== The data ==

►

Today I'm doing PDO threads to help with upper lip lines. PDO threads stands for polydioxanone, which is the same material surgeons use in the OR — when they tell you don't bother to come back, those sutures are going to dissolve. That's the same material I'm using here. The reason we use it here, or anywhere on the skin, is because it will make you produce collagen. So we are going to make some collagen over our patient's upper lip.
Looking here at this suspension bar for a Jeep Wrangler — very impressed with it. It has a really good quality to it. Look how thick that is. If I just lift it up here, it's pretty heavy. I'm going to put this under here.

◄
►

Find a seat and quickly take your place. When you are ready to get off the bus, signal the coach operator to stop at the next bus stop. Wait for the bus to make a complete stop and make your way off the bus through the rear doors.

◄

== What is needed ==
Every line in the listing that holds "going" belongs in the answer.

== Result of this exercise ==
Today I'm doing PDO threads to help with upper lip lines. PDO threads stands for polydioxanone, which is the same material surgeons use in the OR — when they tell you don't bother to come back, those sutures are going to dissolve. That's the same material I'm using here. The reason we use it here, or anywhere on the skin, is because it will make you produce collagen. So we are going to make some collagen over our patient's upper lip.
Looking here at this suspension bar for a Jeep Wrangler — very impressed with it. It has a really good quality to it. Look how thick that is. If I just lift it up here, it's pretty heavy. I'm going to put this under here.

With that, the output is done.